## Assigned task
An exact transcription of all the data is required.

## Material provided
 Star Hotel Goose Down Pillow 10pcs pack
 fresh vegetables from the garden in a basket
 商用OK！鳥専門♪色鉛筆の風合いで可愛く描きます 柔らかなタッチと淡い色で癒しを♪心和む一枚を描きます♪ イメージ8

## Answer to the problem
 Star Hotel Goose Down Pillow 10pcs pack
 fresh vegetables from the garden in a basket
 商用OK！鳥専門♪色鉛筆の風合いで可愛く描きます 柔らかなタッチと淡い色で癒しを♪心和む一枚を描きます♪ イメージ8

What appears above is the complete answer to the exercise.